The Devil Pays Nada

An inside look at the life of an unpaid fashion intern

The creative job sector is a popular one.  Many students dream of working as the next big theatre managers, newspaper editors and high-end stylists – jobs of prestige, glamour, and let’s be honest, fun.

Yet these worlds are hard to break into.  No longer can wannabe hacks with a handful of GCSEs get a job at their local paper a la John Humphreys and Jeremy Clarkson.

Nowadays, most job advertisements demand a university degree and many require further training: masters degrees, diplomas and, the omnipresent call for ‘previous experience.’

In the world of fashion, the age-old paradox of ‘no experience without experience’ is even harder to come to terms with.  It is now an accepted fact a CV will be thrown straight in the bin if it is void of any work or ‘interning’ experience.

Understandable, if it weren’t for the fact internships are more often than not unpaid positions.

Internship adverts on creative jobsite Gorkana: hard pushed to find an internship that pays

Notwithstanding the questionable legality of free labour, fashion interns may find themselves being made to complete menial tasks that have no real ‘experience’ dimension at all.

Yet due to their position right at the bottom of the company hierarchy, many find it almost impossible to confront their employers over this exploitation.

Camilla, a third year Politics student, interned at a magazine over the summer.

“I found myself growing tired of having to act enthusiastic all the time, even when asked to refill my boss’s stapler or tidy the store cupboard.  I wasn’t learning anything, but I didn’t want to ruin my chances of getting a good reference at the end of it.”

The problems associated with unpaid internships suddenly get broader when considering their social implications.

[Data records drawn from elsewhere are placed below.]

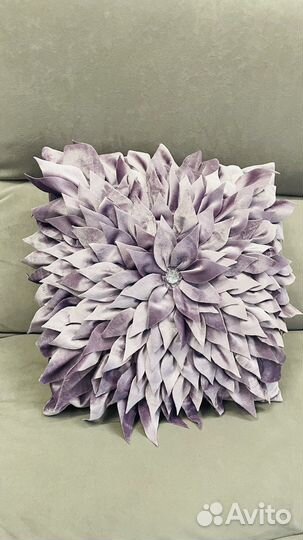 Декоративные подушки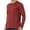 #02Red, variant on yoeyez Men's Sun Protection Shirts Solid Color Long Sleeve Sunscreen Shirt Lightweight Breathable Spf Rash Guard for Fishing Hiking Swimming Running Navy,M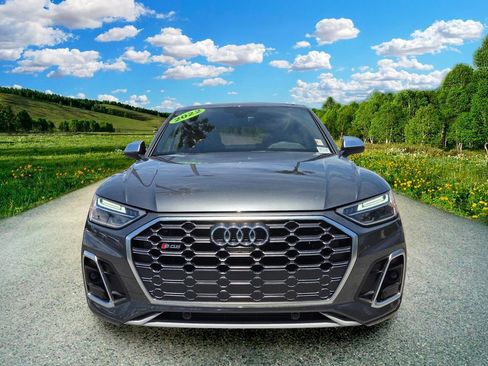 Used 2022 Audi SQ5 Premium Plus AWD/4WD image 8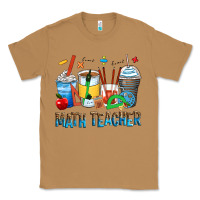 Toasted Coconut math teacher coffee cups Classic Tee - Zillion Design Studio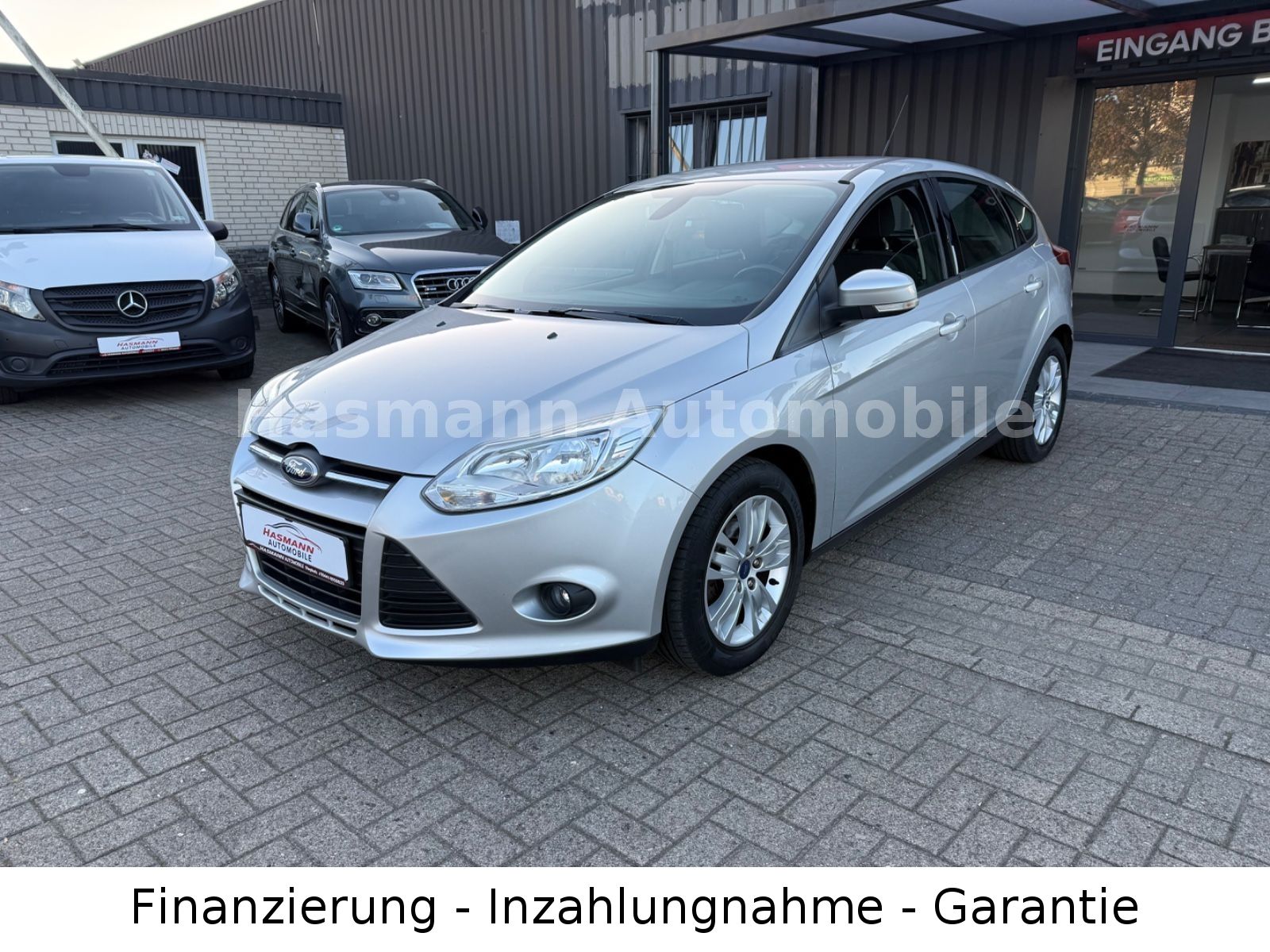 Focus Lim. Trend*1.6 125-PS*KLIMA*1.HAND*LIMO-TO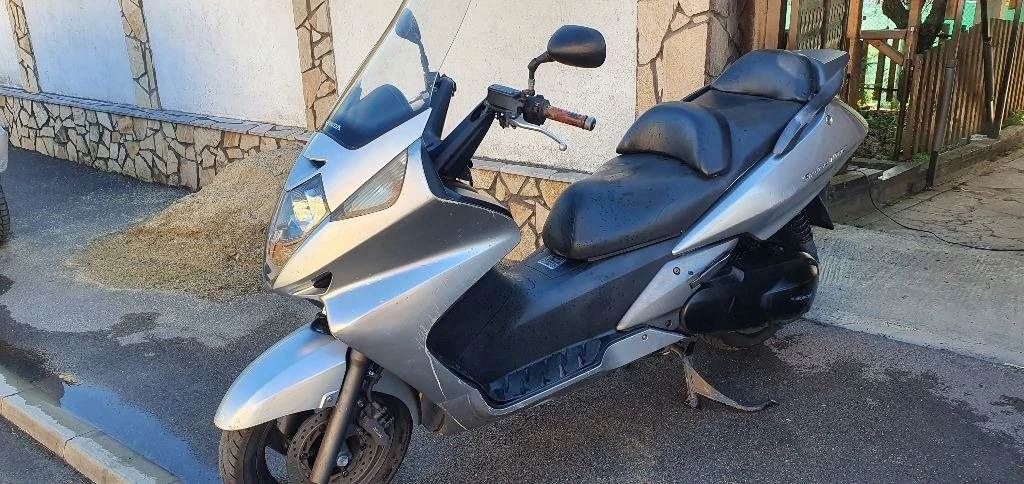 Honda Silver Wing 400 Оферта  - изображение 4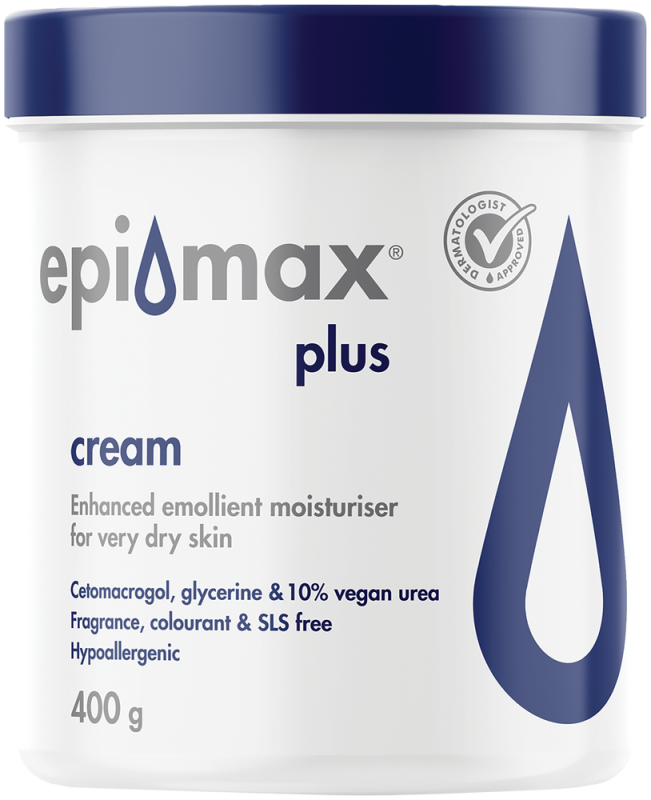 EPIMAX PLUS MOIST CRM 400G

Many argue they are a barrier to social mobility as many applicants simply cannot afford to work for free.

Intern Aware campaigning at London Fashion Week
Photo: Intern Aware

What’s more, the British fashion world is by and large based in London, so most fashion interns have to pay to either live in or travel to the capital when offered a placement: both very expensive options.

Elvira, a third year French and German student realised the extent of this problem when interning at a beauty company last year.

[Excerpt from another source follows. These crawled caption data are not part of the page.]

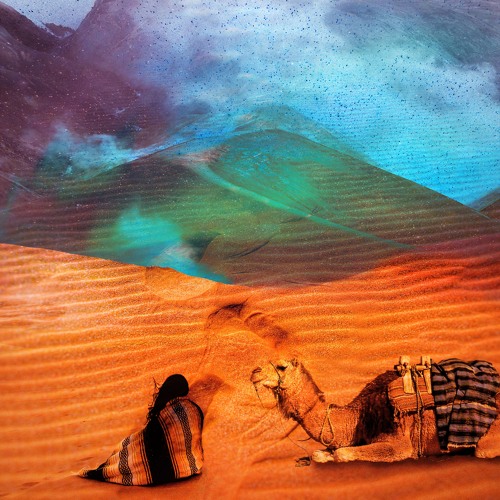 my trip through the cosmic desert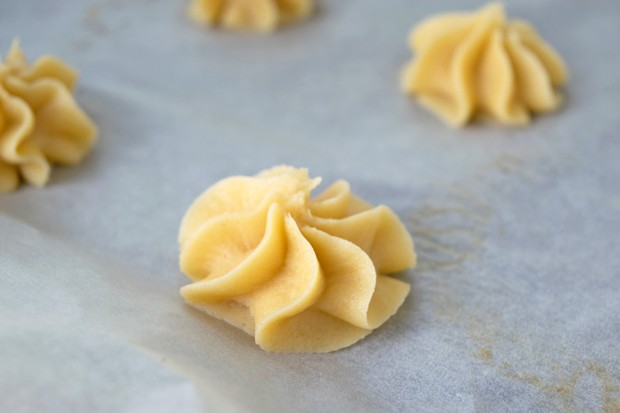 Einfache Prinzesskartoffeln
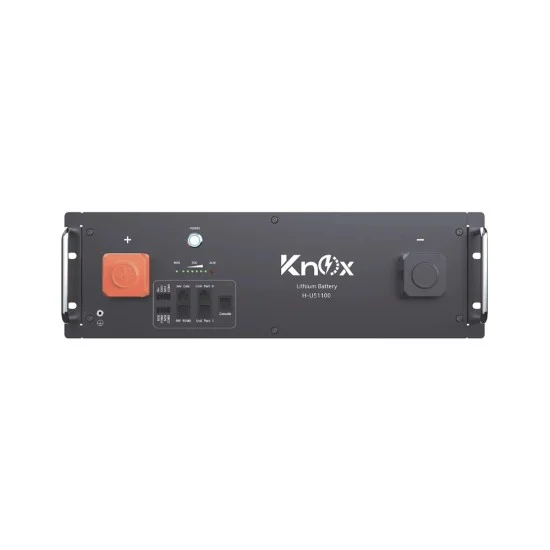 Knox H-U51100 51.2V 102Ah 5.2kWh Lithium Ion Phosphate Battery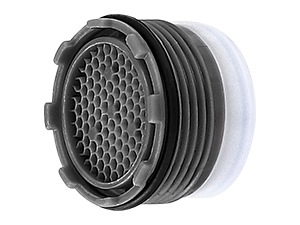 Faucet Cache Aerators with Faucet Aerator Key Replacement Inserts for Sink M16.5 18.5 21.5 24 mm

“Unless you already live [in London] it’s pretty tough finding somewhere to stay. I was very lucky to have a friend who let me live in her room for free but if she hadn’t offered me that I would have had to fork out money from my savings in order to rent a room.”

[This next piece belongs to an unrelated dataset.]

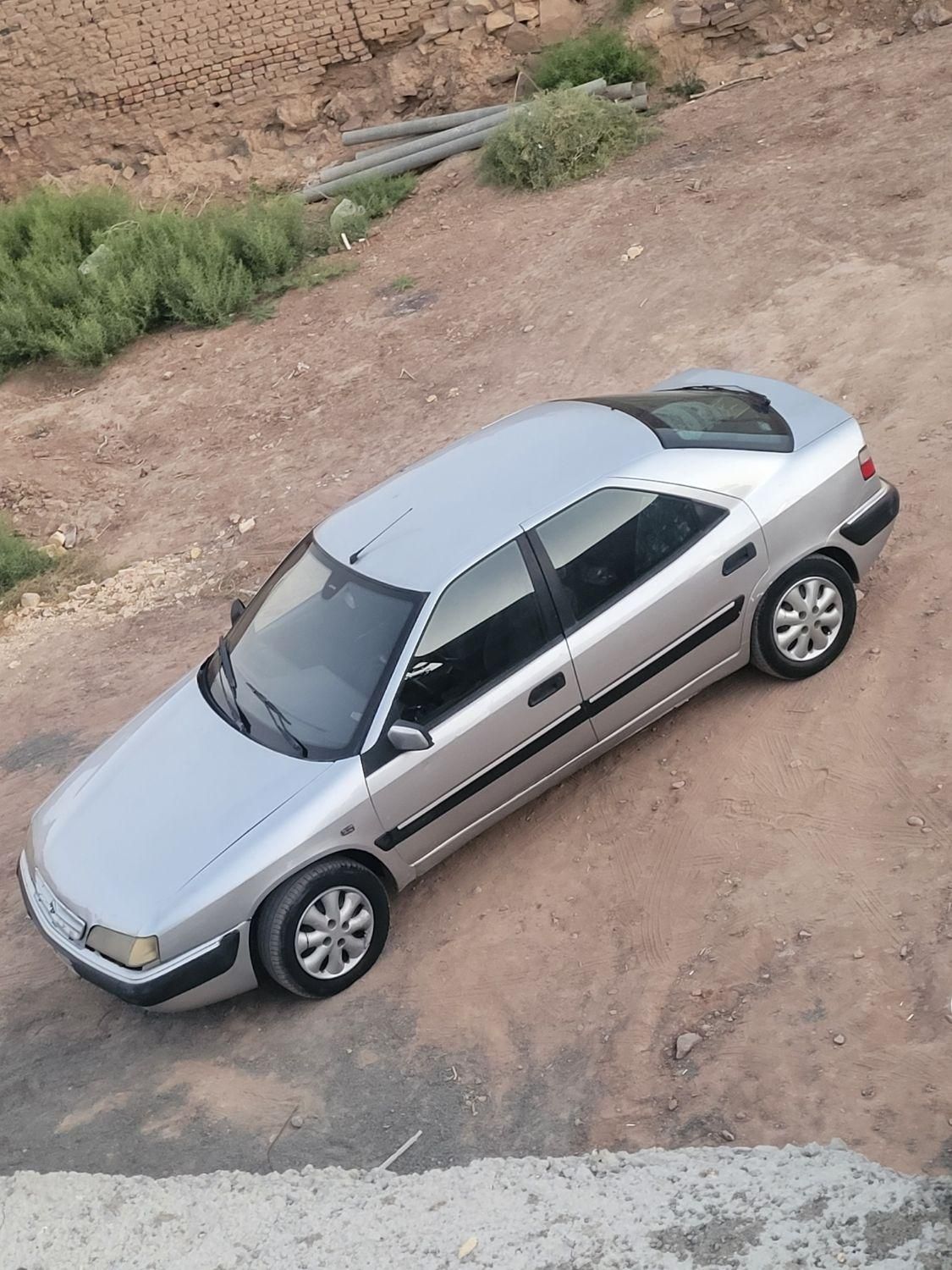 سیتروئن زانتیا X - 1386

“Nobody wants to speak out either. They are scared of being blacklisted and damaging chances of future internships and jobs so the vicious circle just goes on.”

However, the vicious circle is slowly but surely breaking. Intern Aware is a national campaign to end unpaid internships on the basis of illegality and exploitation, with ex-UBU President Gus Baker leading the corporate battle.

To directly combat the fashion industry, Intern Aware campaigners were in the midst of London Fashion Week, handing out tote bags branded ‘Pay Your Interns’ filled with information on the unfairness of unpaid fashion internships.

Gus told The Tab: “Fashion is one of the worst industries for unpaid internships. We regularly hear stories of interns asked to do menial work, for no money.”

“Our activists at Fashion Week were thanked by many young people and interns. It’s time someone told the fashion business that only the Devil Pays Nada!”